LITERARY HISTORY is full of the rediscovered. Some authors, indeed, don’t ever “make it” so much as they move from one period of rediscovery—or attempted rediscovery—to the next. But British readers will soon have a chance to read an extraordinary piece of autobiographical fiction by the undeniably long-forgotten author G. F. (George Frederick) Green. In the Making had such a negligible impact on its first publication in 1952, moreover, that in any true sense, its republication sixty years later allows us to discover, rather than rediscover, a major writing talent.
Even in his lifetime (1911–1977), Green was overlooked. Elizabeth Bowen called him “the most neglected writer of his generation.” My own involvement with In the Making began when I was commissioned to edit a U.S. book that would be published as 50 Gay and Lesbian Books Everybody Must Read (2009). Many early contributors came up with familiar, even overly familiar works. So I encouraged others to be more daring. I had a hunch that, of all the figures I approached, Peter Parker—author of a scintillating life of J. R. Ackerley, a wonderful writer who had similarly fallen by the wayside until Parker’s book—was one that I thought might surprise me.

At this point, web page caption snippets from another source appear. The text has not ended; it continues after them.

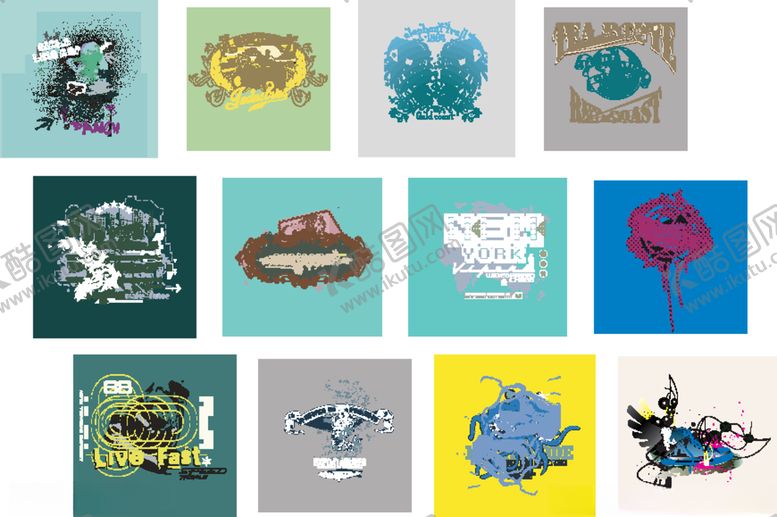 编号：85465010280830215090【酷图网】源文件下载-抽象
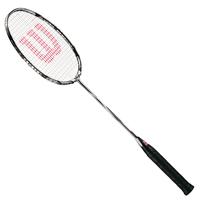 Foto Wilson [K] Rival Badminton Racquet foto 20330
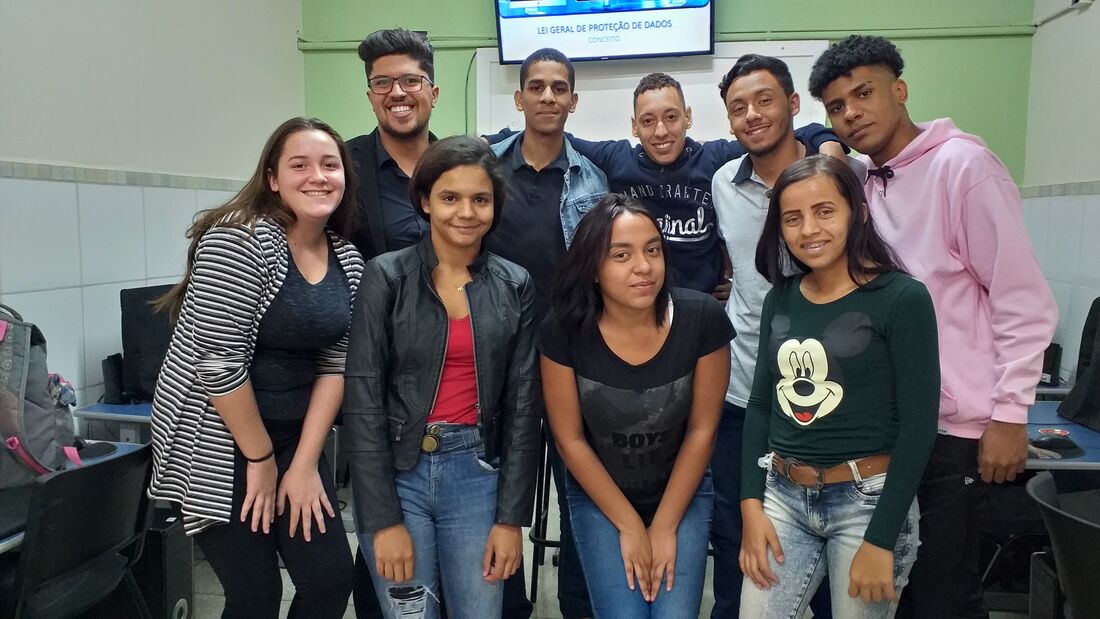 Sou Empresa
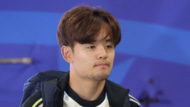 久保建英
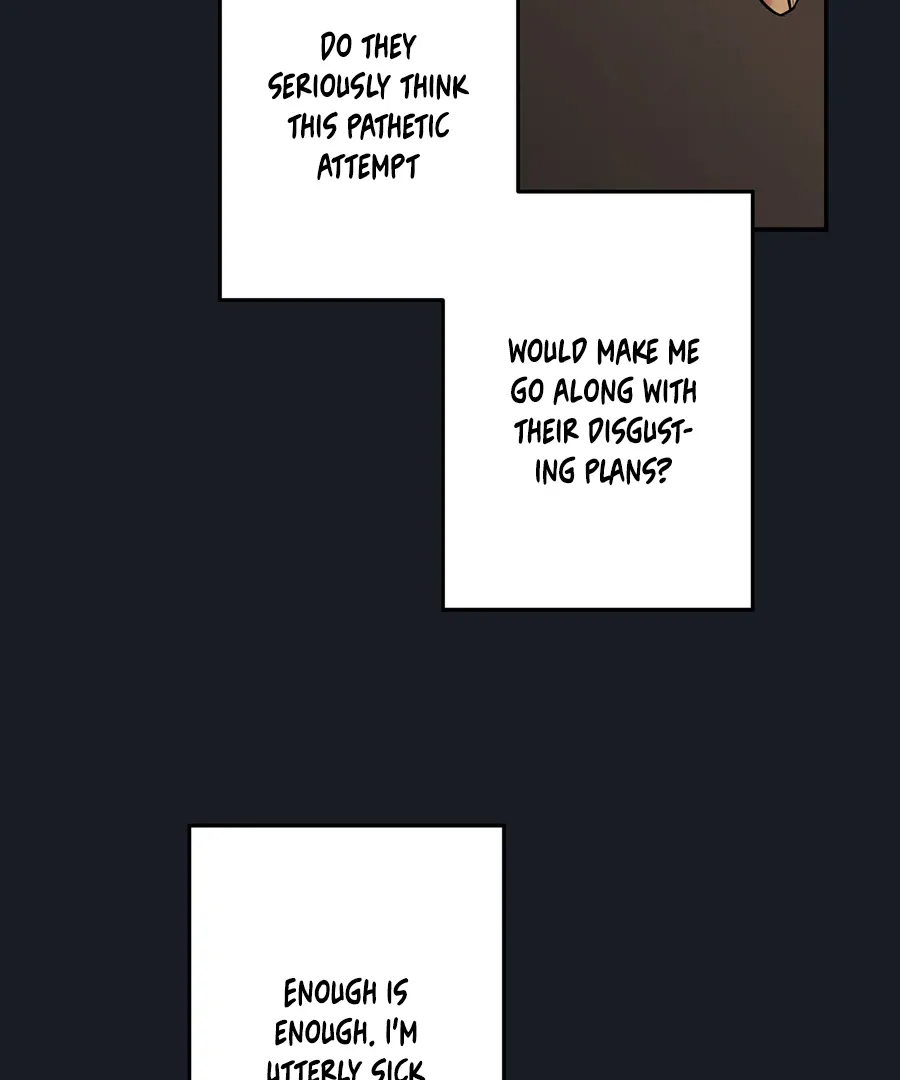 March Chapter 5 page 57 - 
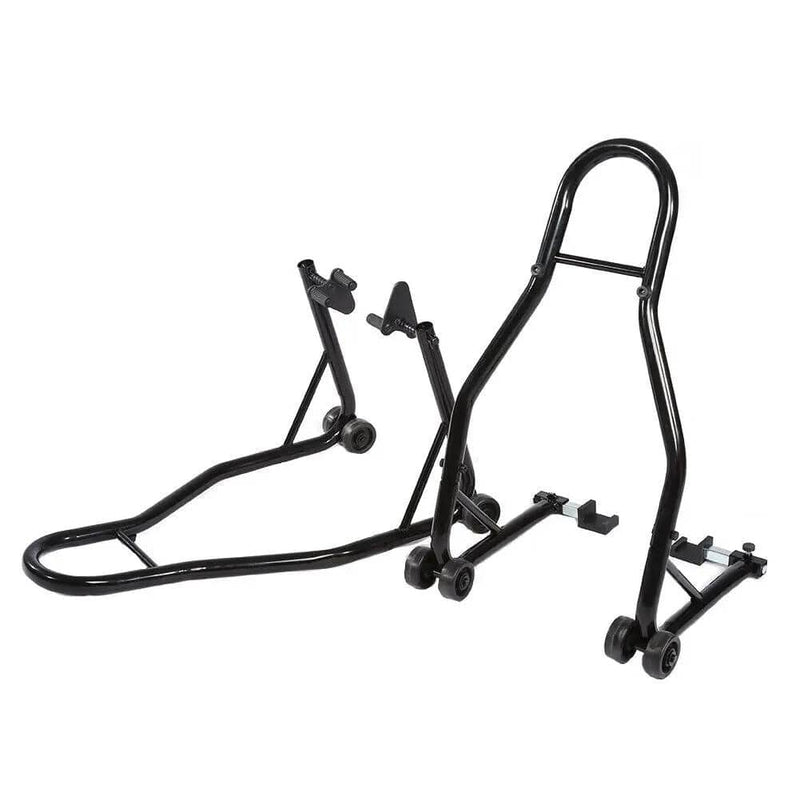 salelink.co.nz Unbranded Motorbike Stands Motorbike Stands | Action Outdoors NZ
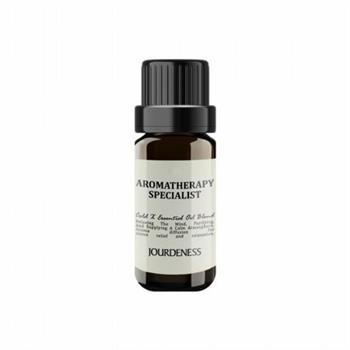 佐登妮絲 呼暢護隨精油 10ml(台灣專櫃貨)
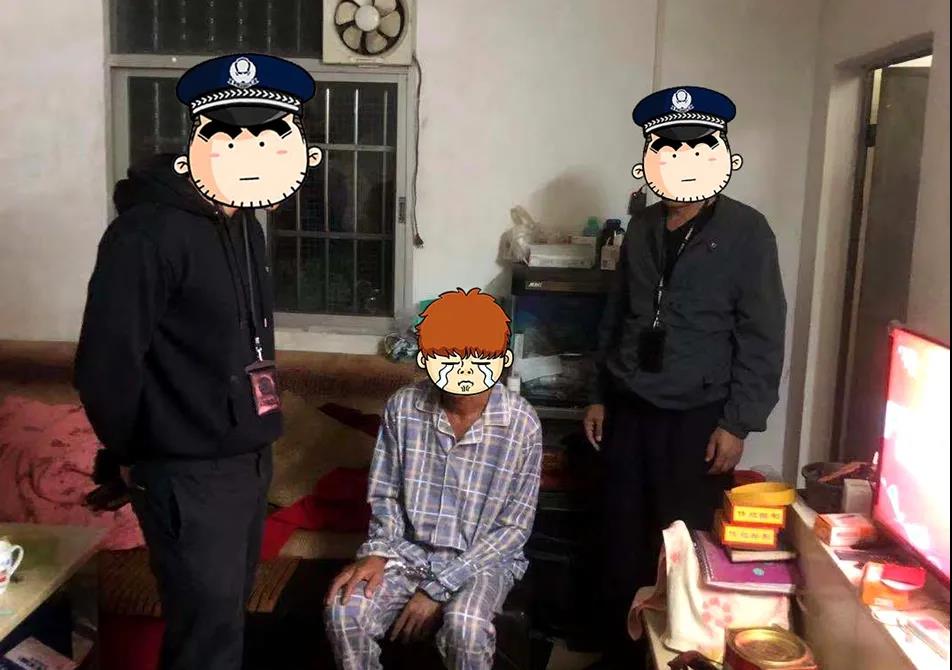 微信图片_20201203085023.jpg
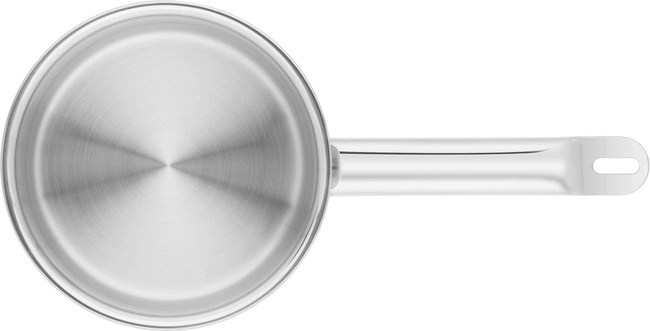 Zwilling Pro Rondelek z pokrywką 3.1 ltr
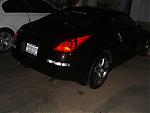 picking up my Z today!!!!!! (6/16/06)-350z-003.jpg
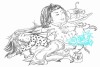 chuan_guo_nian_shao_de_zao_yu_feng_bao_wo_shi_90_hou_qi_pa_nv_hai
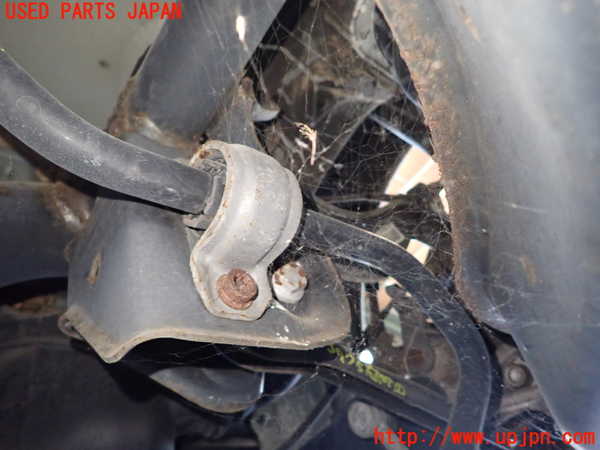 1UPJ-39755445]アウディ・TT クーペ(8JCDA)リアスタビライザー 中古_m0002.jpg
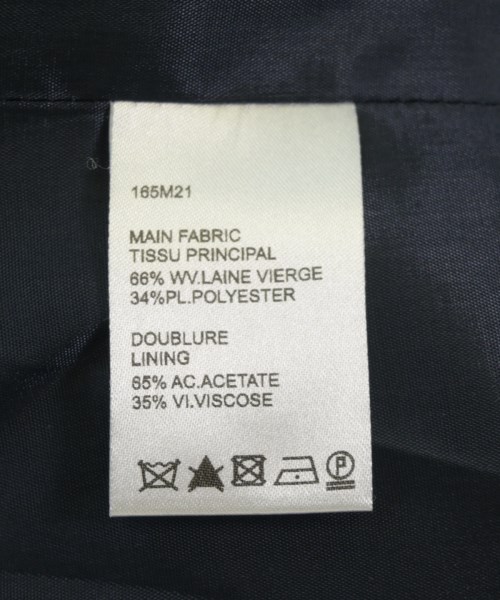 CARVEN（カルヴェン）その他 紺 サイズ:38(S位) レディース/2200711799035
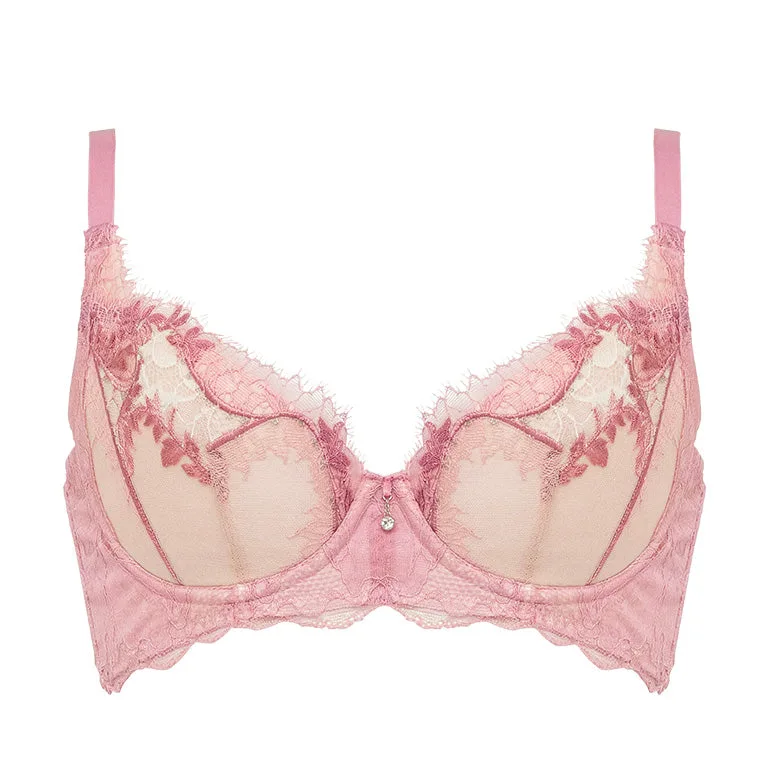 Viola Contour Perfection Bra 26S1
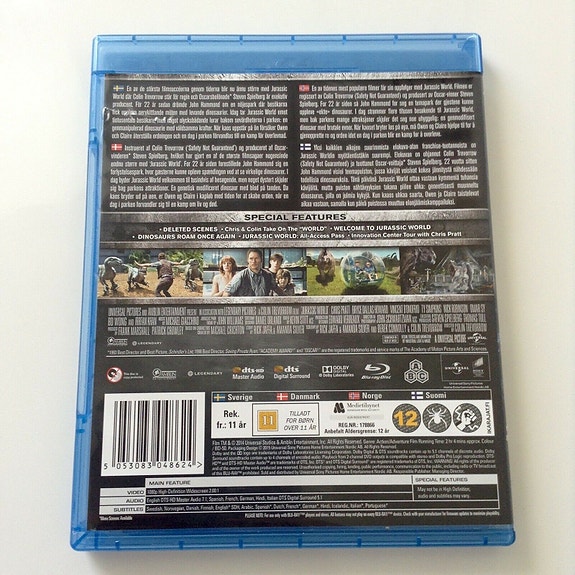 Product image 2 of 2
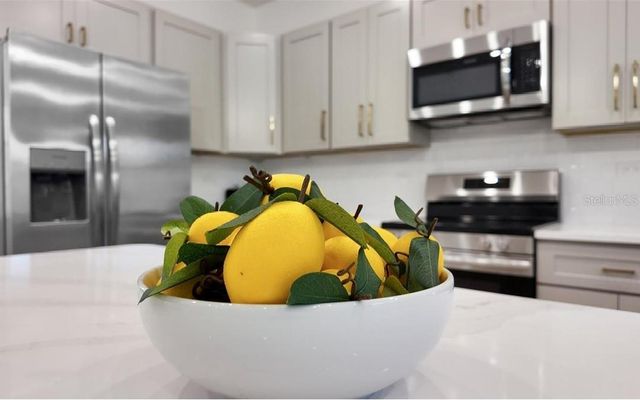 3854 SW STATE ROAD 247, Lake City, FL 32024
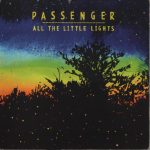 Passenger (10)-0
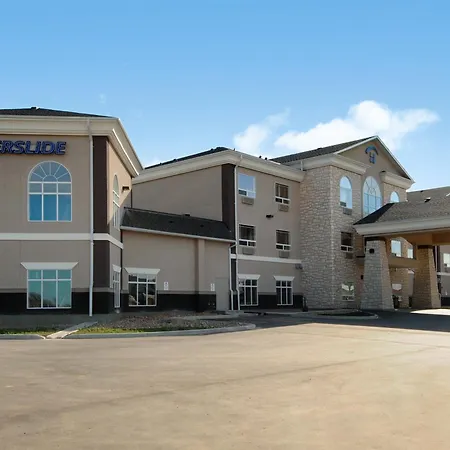 Canalta Hotel Moosomin-3
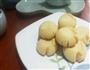 玛格丽特的做法图解9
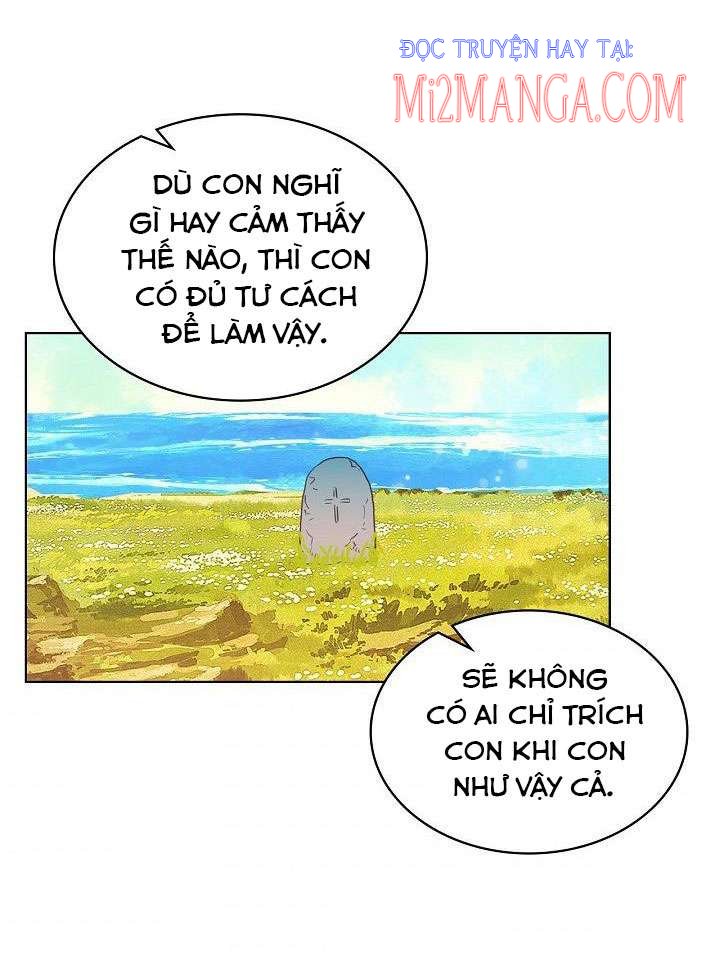 Con Có Phải Là Con Gái Của Người Không?: Chapter 66
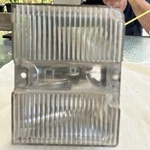 1974 Cadillac (except Eldorado) Left Driver Side Cornering Lens 5947641. Fixed Price $55.00.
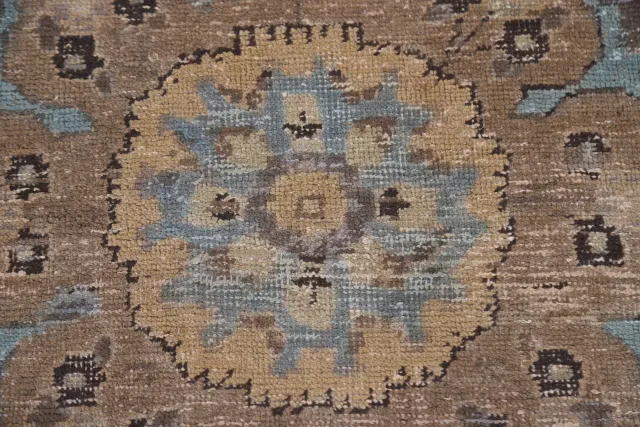 https://image-static-obj.rugsource.com/small/105548_2093591_d447008b.jpeg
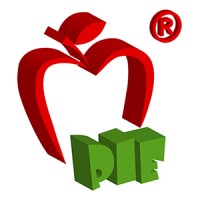 Apple Pie Language Pte Ltd logo - Similar company to Sekhar & Tan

When he mentioned G. F. Green, however, I was initially suspicious. The author’s life story seemed implausibly suggestive or symbolic, for one thing. And In the Making sounded far too good to be true: the sort of novel you might invent, wanting so much for such a book to have existed. As an unapologetic account of a solitary English boy’s adolescent (and pre-adolescent) passions in the 1920’s, the book was, oddly enough, dedicated to Green’s own parents. I state “oddly” because—at a time when homosexual acts were proscribed by British law and the articulation of same-sex desires was consequently quite infrequent—In the Making dared to suggest the possibility—indeed the inevitability—of intense longing on the part of one young adolescent boy for another.